Sörenby Anne K, Kumagai-Braesch Makiko, Sharma Amit, Hultenby Kjell R, Wernerson Annika M, Tibell Annika B

机构信息

Division of Transplantation Surgery, Department of Clinical Science, Intervention and Technology, Karolinska Institutet, Stockholm, Sweden.

出版信息

Transplantation. 2008 Jul 27;86(2):364-6. doi: 10.1097/TP.0b013e31817efc78.

Abstract

Islet graft survival inside macroencapsulation devices is suboptimal. We hypothesized that induction of neovascularization by preimplantation of devices would improve the physiological conditions, thereby lowering the number of islets required for cure. Several rat islets were transplanted to TheraCyte immunoprotective devices implanted subcutaneously in diabetic athymic mice.

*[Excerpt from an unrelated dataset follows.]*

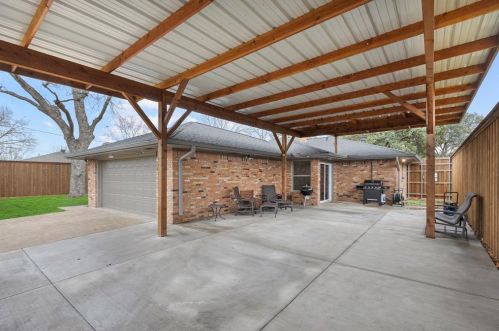 3225 Chapel Downs Dr, Dallas TX 75229-5834 exterior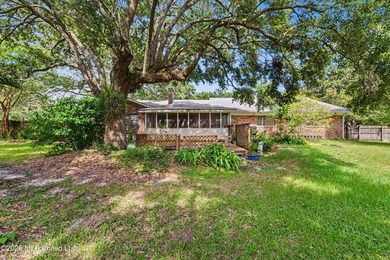 This large 1 level home has endless possibilities. 2 huge living - photo 27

Cure rates in the groups with preimplanted devices were significantly better than in those with freshly implanted devices (375 islets: 8/8 vs. 1/6, P=0.003; 125 islets: 6/6 vs. 0/7, P=0.001). Morphometric evaluations of the 125 islet groups showed higher fractional and absolute volumes of endocrine tissue in the group with preimplanted devices (P<0.001 and P=0.035, respectively). In the following dose titration study, using preimplanted devices, as low as 50 islets cured diabetic mice (100% cure, n=6). We conclude that preimplantation significantly lowers the curative dose of macroencapsulated islets to levels resembling those of free islets transplanted under the renal capsule.